Exercise materials section start
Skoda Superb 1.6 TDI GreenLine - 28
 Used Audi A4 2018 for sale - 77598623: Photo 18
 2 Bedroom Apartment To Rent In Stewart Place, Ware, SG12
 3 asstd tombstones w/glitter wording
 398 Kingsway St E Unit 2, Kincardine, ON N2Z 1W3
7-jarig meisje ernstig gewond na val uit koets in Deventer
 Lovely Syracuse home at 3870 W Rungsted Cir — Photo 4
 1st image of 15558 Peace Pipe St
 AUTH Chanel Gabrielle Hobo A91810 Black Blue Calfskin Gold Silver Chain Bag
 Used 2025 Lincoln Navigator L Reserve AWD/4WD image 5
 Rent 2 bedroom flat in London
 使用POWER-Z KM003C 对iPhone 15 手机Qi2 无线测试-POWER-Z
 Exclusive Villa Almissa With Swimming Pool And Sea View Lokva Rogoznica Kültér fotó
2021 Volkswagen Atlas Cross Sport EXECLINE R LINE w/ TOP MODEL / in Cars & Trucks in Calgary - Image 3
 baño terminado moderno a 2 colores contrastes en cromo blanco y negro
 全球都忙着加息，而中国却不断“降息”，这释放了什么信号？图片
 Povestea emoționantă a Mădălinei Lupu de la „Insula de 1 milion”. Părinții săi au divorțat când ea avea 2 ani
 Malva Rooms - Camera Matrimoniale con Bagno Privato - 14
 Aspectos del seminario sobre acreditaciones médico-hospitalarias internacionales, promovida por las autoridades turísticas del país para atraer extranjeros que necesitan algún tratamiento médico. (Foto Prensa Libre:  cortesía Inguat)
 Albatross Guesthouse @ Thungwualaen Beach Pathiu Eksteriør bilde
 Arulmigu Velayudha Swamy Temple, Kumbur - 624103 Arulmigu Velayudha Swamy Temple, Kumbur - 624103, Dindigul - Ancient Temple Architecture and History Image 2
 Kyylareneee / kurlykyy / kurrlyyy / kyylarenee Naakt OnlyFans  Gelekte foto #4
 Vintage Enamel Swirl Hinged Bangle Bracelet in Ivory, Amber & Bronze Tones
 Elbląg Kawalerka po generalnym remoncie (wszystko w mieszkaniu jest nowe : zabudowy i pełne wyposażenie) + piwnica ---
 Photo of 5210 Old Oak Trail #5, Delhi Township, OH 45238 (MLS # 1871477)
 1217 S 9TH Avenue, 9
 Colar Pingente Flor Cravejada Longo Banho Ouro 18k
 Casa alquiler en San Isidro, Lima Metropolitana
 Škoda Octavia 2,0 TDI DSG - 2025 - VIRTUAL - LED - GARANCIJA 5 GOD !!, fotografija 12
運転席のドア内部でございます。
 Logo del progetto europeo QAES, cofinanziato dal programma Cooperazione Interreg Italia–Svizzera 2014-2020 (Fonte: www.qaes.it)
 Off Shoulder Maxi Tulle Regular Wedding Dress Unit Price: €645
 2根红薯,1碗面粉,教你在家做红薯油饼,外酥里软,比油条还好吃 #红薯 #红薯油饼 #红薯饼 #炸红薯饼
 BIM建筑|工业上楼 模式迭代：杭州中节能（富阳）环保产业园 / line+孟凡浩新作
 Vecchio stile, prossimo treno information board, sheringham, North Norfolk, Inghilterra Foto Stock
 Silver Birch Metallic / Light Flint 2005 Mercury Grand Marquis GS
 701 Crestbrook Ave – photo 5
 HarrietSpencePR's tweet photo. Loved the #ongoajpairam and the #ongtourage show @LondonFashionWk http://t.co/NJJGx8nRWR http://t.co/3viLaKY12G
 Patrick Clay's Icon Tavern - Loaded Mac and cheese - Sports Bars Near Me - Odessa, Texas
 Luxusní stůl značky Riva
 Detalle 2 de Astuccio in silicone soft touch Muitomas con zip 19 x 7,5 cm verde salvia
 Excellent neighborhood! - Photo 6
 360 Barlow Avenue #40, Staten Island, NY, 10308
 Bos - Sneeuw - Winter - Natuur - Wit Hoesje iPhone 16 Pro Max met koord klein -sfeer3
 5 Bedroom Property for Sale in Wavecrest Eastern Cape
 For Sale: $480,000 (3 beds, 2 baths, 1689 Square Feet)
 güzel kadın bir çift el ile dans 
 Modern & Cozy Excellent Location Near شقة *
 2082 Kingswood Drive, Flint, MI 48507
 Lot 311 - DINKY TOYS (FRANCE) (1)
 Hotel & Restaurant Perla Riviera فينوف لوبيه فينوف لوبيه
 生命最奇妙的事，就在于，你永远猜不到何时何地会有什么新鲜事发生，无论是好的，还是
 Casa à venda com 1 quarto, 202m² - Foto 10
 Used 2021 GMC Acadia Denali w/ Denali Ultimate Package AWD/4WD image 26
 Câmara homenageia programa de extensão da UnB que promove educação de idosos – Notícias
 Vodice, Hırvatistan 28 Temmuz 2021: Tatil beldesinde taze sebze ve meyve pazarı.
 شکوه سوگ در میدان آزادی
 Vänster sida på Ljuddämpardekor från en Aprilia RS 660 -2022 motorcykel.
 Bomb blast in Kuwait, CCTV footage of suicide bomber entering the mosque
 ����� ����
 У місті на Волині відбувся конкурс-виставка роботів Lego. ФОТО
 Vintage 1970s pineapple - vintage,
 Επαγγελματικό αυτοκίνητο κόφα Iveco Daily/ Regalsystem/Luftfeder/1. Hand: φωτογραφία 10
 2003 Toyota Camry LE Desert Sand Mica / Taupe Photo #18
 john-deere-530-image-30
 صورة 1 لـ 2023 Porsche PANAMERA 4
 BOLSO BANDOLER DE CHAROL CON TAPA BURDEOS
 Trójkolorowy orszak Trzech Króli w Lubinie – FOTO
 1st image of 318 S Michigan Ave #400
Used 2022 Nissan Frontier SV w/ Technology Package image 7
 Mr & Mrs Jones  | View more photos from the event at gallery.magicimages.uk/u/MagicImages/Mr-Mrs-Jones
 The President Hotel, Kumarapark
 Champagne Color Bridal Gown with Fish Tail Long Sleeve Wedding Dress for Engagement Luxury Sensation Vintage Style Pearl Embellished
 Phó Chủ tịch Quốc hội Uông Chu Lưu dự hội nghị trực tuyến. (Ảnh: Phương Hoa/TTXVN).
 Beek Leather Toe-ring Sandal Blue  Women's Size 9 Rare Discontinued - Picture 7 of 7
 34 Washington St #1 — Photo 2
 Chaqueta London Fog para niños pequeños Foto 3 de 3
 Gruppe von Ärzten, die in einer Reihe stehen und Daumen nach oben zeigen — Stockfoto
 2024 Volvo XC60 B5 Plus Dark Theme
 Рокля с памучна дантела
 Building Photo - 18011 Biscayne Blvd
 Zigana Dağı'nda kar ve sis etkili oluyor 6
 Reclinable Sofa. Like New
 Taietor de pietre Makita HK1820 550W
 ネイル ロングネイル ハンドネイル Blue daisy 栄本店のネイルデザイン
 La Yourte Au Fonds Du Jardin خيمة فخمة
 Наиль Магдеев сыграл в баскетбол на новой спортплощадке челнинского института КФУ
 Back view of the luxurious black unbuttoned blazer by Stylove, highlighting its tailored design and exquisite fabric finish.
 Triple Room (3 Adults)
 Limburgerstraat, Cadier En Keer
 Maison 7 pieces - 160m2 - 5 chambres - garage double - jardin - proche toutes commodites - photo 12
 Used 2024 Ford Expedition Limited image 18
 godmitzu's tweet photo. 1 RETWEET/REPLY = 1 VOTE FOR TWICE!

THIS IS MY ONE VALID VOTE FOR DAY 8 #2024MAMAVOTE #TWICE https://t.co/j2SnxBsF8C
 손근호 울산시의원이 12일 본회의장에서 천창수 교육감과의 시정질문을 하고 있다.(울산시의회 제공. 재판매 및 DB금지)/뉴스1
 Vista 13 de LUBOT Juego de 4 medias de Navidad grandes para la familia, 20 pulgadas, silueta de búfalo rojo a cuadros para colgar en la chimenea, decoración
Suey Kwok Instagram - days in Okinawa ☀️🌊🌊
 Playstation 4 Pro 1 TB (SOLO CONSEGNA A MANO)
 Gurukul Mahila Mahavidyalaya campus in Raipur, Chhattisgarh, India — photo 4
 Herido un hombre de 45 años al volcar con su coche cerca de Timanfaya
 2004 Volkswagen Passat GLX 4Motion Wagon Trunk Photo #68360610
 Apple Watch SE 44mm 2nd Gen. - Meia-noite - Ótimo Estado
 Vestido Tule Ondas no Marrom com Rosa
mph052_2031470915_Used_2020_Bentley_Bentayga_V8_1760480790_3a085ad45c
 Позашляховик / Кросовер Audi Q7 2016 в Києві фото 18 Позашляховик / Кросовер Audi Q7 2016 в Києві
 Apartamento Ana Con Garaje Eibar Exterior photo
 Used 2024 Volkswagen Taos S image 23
Exercise materials section end
> **Problem description**: Once you reach the line containing "1st image of 15558 Peace Pipe St", include it and stop; until then, reproduce each line of the listing from its start exactly.

> **Your solution**:
Skoda Superb 1.6 TDI GreenLine - 28
 Used Audi A4 2018 for sale - 77598623: Photo 18
 2 Bedroom Apartment To Rent In Stewart Place, Ware, SG12
 3 asstd tombstones w/glitter wording
 398 Kingsway St E Unit 2, Kincardine, ON N2Z 1W3
7-jarig meisje ernstig gewond na val uit koets in Deventer
 Lovely Syracuse home at 3870 W Rungsted Cir — Photo 4
 1st image of 15558 Peace Pipe St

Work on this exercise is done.